Фил не мог позволить себе сочувствие, независимо от того, что сделали с ней. Во время допроса он вообще не должен испытывать никаких чувств. Поэтому он снова надел на лицо профессиональную маску.
— Вы потеряли ребенка.
Она кивнула.
— А что произошло потом?
— С меня было достаточно. Я достала какие-то таблетки. Попыталась принять их все… — Плечи ее задрожали, дыхание стало прерывистым, слова начали перемежаться с всхлипываниями. — Хестон нашел меня. Сунул мне в горло пальцы… Остановил меня… Думаю, он спас мне жизнь. Потом мы разговаривали с ним. — Она подняла голову. На щеках остались следы слез, глаза были красными. — И я поняла, что должна убежать. Потому что я подумала: что со мной еще может произойти плохого? Ничего. Все самое худшее уже случилось. Поэтому я… я почувствовала себя сильной. Как будто… как будто я заново родилась. Я сказала Хестону… сказала, что должна убежать. А он сказал, что поможет мне в этом.
— Почему он не убежал вместе с вами?
— Потому что… потому что кто-то должен был остаться. Присматривать за отцом. — Она сказала это как нечто само собой разумеющееся.
— О’кей, — сказал Фил. — Значит, вы убежали. А Хестон остался. — Софи кивнула. — А что случилось с ним? Когда отец обнаружил, что вы ушли?
Она горько рассмеялась.
— Он был в бешенстве. Просто с ума сходил. Он хотел добраться до меня и не мог. Он пытался выяснить, куда я сбежала, но Хестон не говорил ему, потому что сам этого не знал. Но отец все равно продолжал допытываться. Совсем его доконал. — Она по-детски хихикнула, как будто эти воспоминания были слишком ужасными и единственной защитной реакцией мог быть только смех. — Чуть не убил его тогда, правда. — Она вздохнула. — Но Хестон выкарабкался.
— И он все еще там?
— Хестон?
Фил кивнул.
— Да.
— Ну, вроде того…
— Что вы хотите этим сказать?
Она посмотрела на стену у него за спиной и ничего не ответила. Фил решил пока оставить эту тему.

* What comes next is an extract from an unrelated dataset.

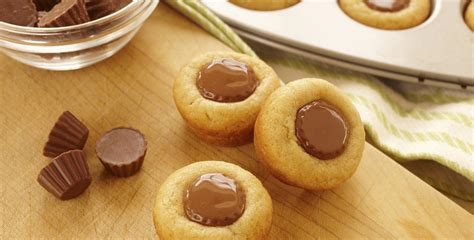 robinhood-chocolate-peanut-butter-cup-cookies image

— И вы приехали в Колчестер. Здесь вы начали…
— Обо мне вы все знаете, — перебила она. Слова ее звучали отрывисто. — Вы знаете, что произошло со мной после того.
— А как же ваш брат? Что случилось с ним?
Она откинула голову назад и снова задумалась.
— Все изменилось. Деревня изменилась. Как вы сами говорили, теперь она не так отрезана от мира. Сюда начали переезжать люди из города. Строить новые дома. Новые усадьбы. Шикарные поместья. — Слова ее текли медленно, извиваясь, словно перепачканные землей дождевые черви.
— Держу пари, что вашему отцу это очень не нравилось, — сказал Фил.
Она снова горько усмехнулась.
— Да уж. Люди заговаривают друг с другом, стараются быть доброжелательными… Он ненавидел это. Он ненавидел внимание. И еще он не мог найти никого, кто… удовлетворял бы его мужские потребности.
— И что же он предпринял?
— Заставил Хестона делать это. — Слова прозвучали просто и обыденно. — Но не в том виде, в каком тот был тогда. Потому что мой отец не был каким-то гомиком. — Она снова засмеялась. — О нет! Он может быть кем угодно, только не гомиком.